Your goal:
Print all of the data below exactly as it appears, leaving out every image.

Available data:
------------------------
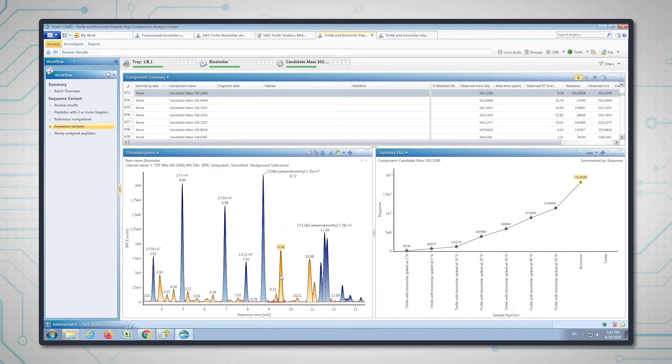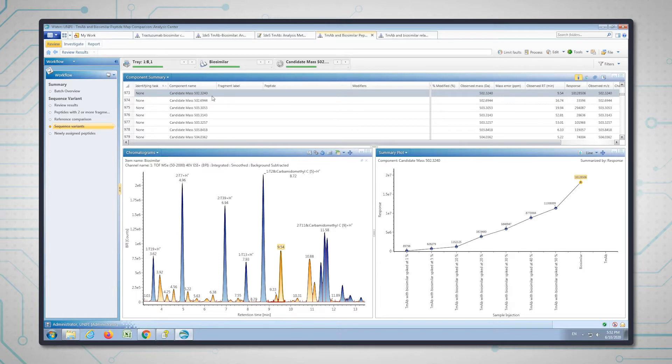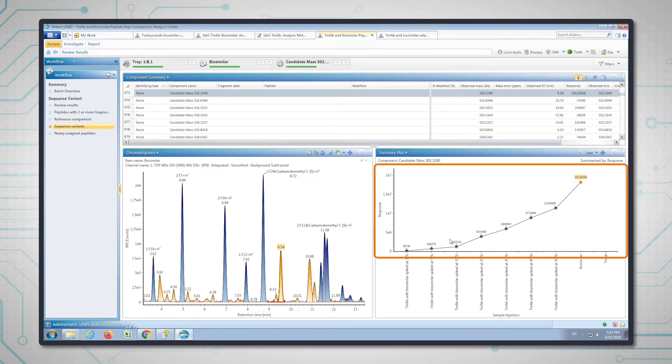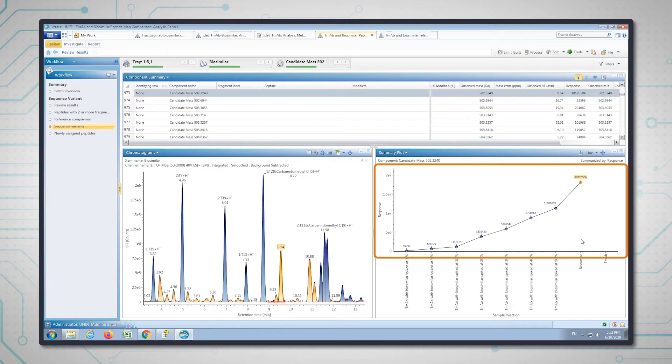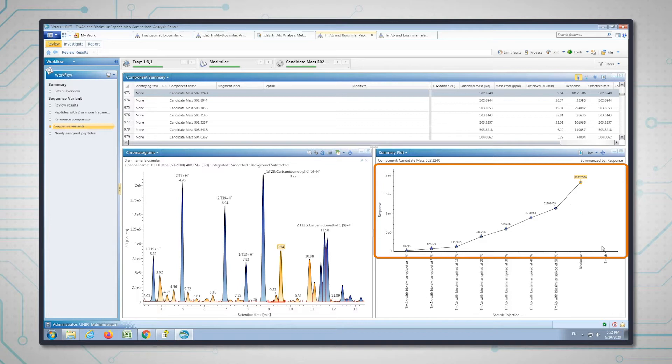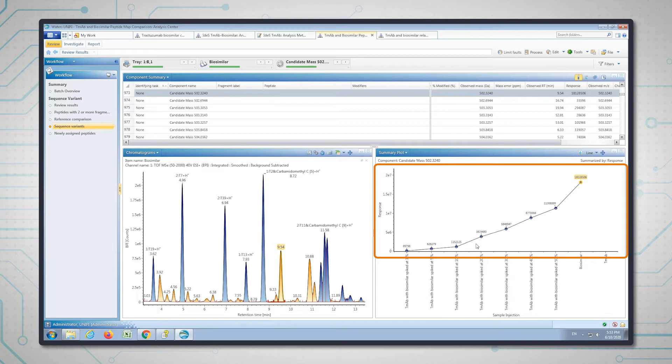We can see this has a candidate mass. In Unify, if a component isn't identified, it's given the name candidate. You can see here that we can use the summary plot to track the response of this candidate peptide throughout the batch of samples. If you remember, I've spiked in the biosimilar to the trastuzumab at different levels. You can see that this peptide follows that trend quite nicely—it's not present at all in trastuzumab, which is what we'd expect. It's there in the biosimilar and it goes down corresponding to the percentage that I spiked in. That's encouraging and gives me confidence this is actually a real peptide that's unique to the biosimilar.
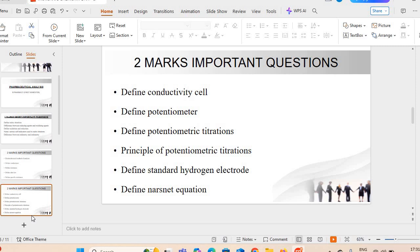Next topic is conductometric titrations. Various important questions which can be asked include: define conductivity cells — conductivity cell क्या होता है? Define potentiometry — potentiometry क्या होती है? Define potentiometric titrations.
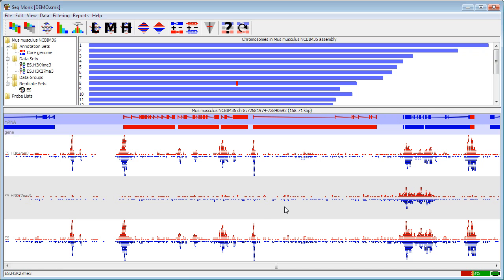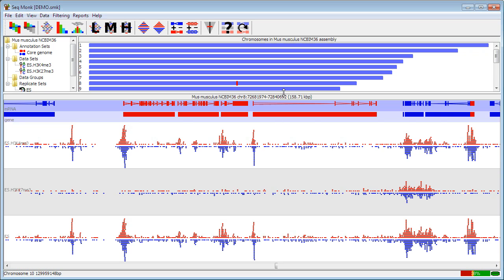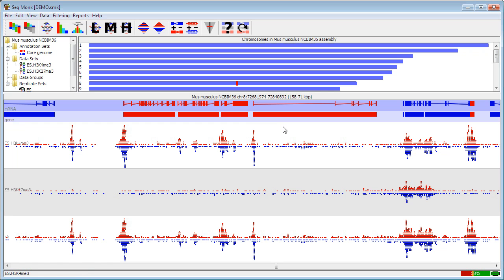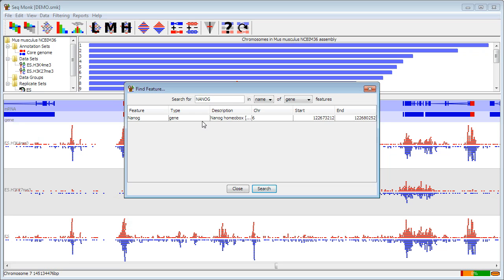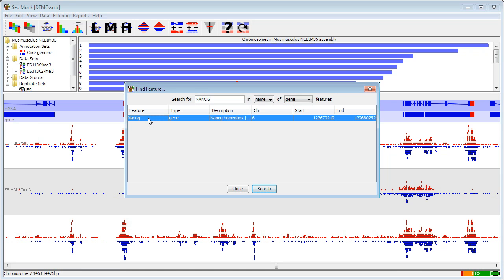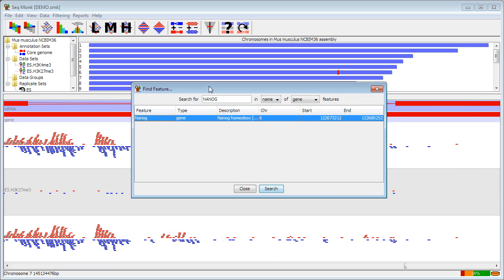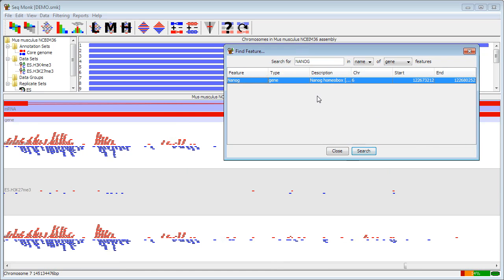If you want to move around your display within SeekMonk in a more structured fashion, you can also search for particular features. To search for features you use this question mark icon in the toolbar which is find feature. The default is to search for gene names. So you can put in your favorite gene and it should hopefully find that. And if you double click on the line it will take you to it. So I can see my gene there.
------------------------
Output below:
We can see this has a candidate mass. In Unify, if a component isn't identified, it's given the name candidate. You can see here that we can use the summary plot to track the response of this candidate peptide throughout the batch of samples. If you remember, I've spiked in the biosimilar to the trastuzumab at different levels. You can see that this peptide follows that trend quite nicely—it's not present at all in trastuzumab, which is what we'd expect. It's there in the biosimilar and it goes down corresponding to the percentage that I spiked in. That's encouraging and gives me confidence this is actually a real peptide that's unique to the biosimilar.
Next topic is conductometric titrations. Various important questions which can be asked include: define conductivity cells — conductivity cell क्या होता है? Define potentiometry — potentiometry क्या होती है? Define potentiometric titrations.
If you want to move around your display within SeekMonk in a more structured fashion, you can also search for particular features. To search for features you use this question mark icon in the toolbar which is find feature. The default is to search for gene names. So you can put in your favorite gene and it should hopefully find that. And if you double click on the line it will take you to it. So I can see my gene there.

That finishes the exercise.